> [Problem]: From the line containing "Cute Wildlife Animal" to the final line of the material below, return every line exactly. Do not include pictures.

> [Dataset excerpt]:
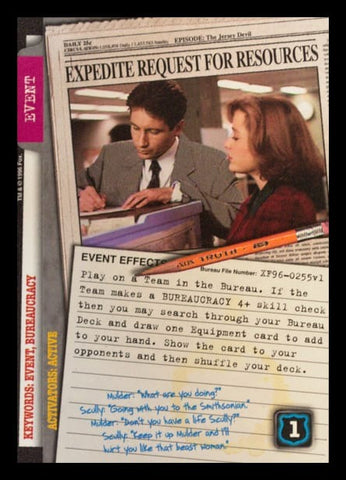 X-Files CCG | Expedite Request For Resources XF96-0255v1  | The Nerd Merchant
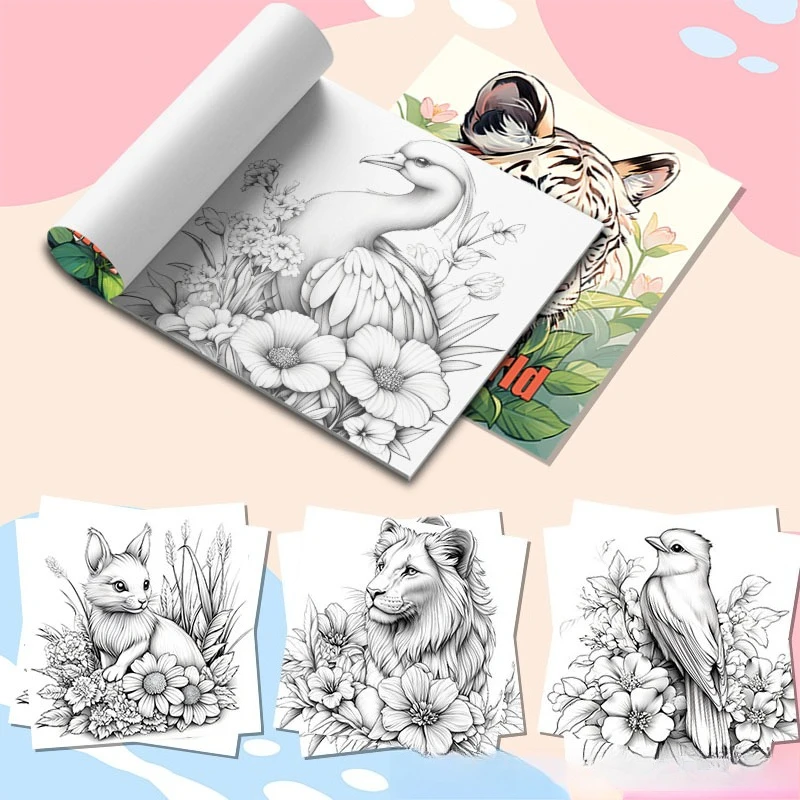 Cute Wildlife Animal World Coloring Book Elegant White Tiger Tropical Floral Jungle Plant Nature Sketch Notebook
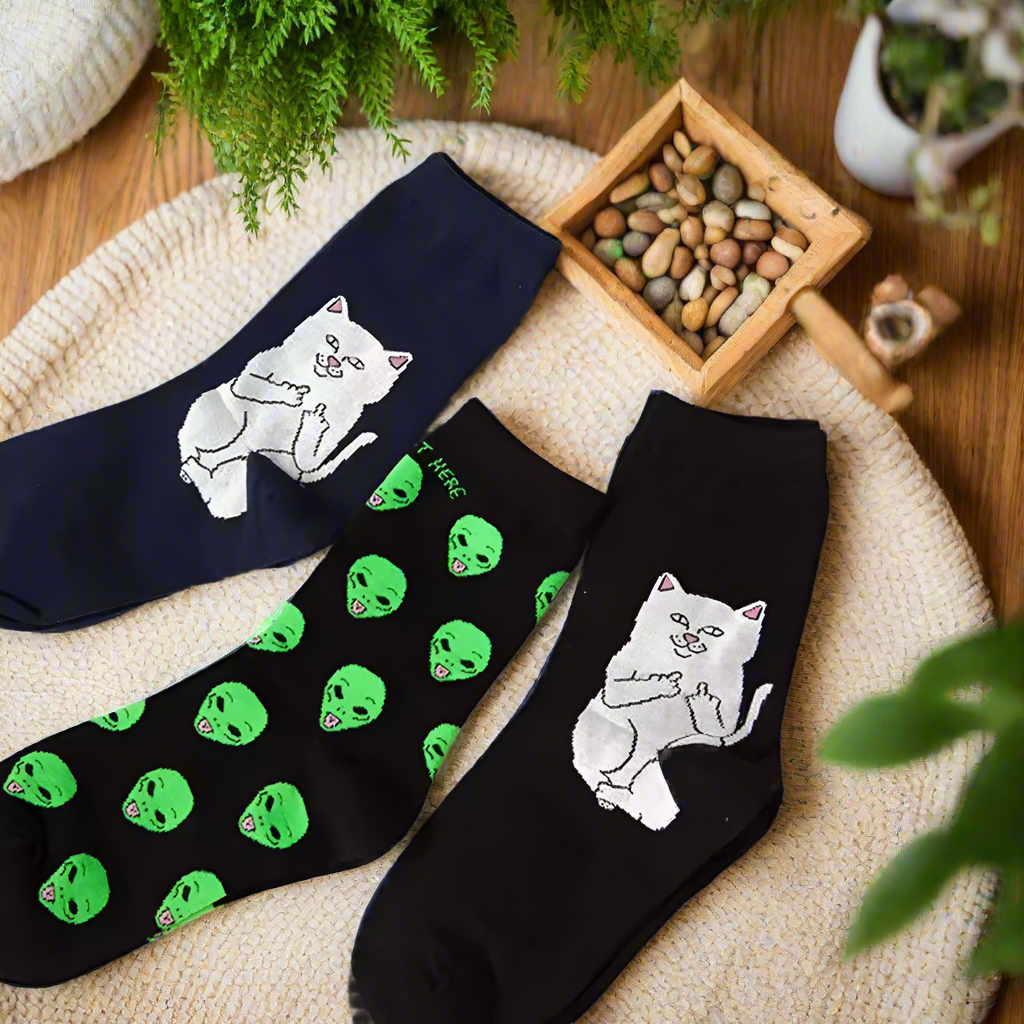 Alien Cat Socks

> [Response box]:
 Cute Wildlife Animal World Coloring Book Elegant White Tiger Tropical Floral Jungle Plant Nature Sketch Notebook
 Alien Cat Socks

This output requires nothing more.